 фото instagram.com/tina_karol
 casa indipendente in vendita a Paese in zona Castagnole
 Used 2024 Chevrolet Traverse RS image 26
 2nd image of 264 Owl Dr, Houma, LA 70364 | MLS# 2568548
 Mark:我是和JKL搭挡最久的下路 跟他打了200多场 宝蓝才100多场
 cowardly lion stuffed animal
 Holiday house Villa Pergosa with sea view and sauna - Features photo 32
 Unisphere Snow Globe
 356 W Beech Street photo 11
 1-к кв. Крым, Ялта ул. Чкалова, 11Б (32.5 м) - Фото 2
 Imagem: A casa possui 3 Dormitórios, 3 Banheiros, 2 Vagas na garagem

§

## What you will do
For every entry above, give it back exactly as written.

## Reply to the task
 фото instagram.com/tina_karol
 casa indipendente in vendita a Paese in zona Castagnole
 Used 2024 Chevrolet Traverse RS image 26
 2nd image of 264 Owl Dr, Houma, LA 70364 | MLS# 2568548
 Mark:我是和JKL搭挡最久的下路 跟他打了200多场 宝蓝才100多场
 cowardly lion stuffed animal
 Holiday house Villa Pergosa with sea view and sauna - Features photo 32
 Unisphere Snow Globe
 356 W Beech Street photo 11
 1-к кв. Крым, Ялта ул. Чкалова, 11Б (32.5 м) - Фото 2
 Imagem: A casa possui 3 Dormitórios, 3 Banheiros, 2 Vagas na garagem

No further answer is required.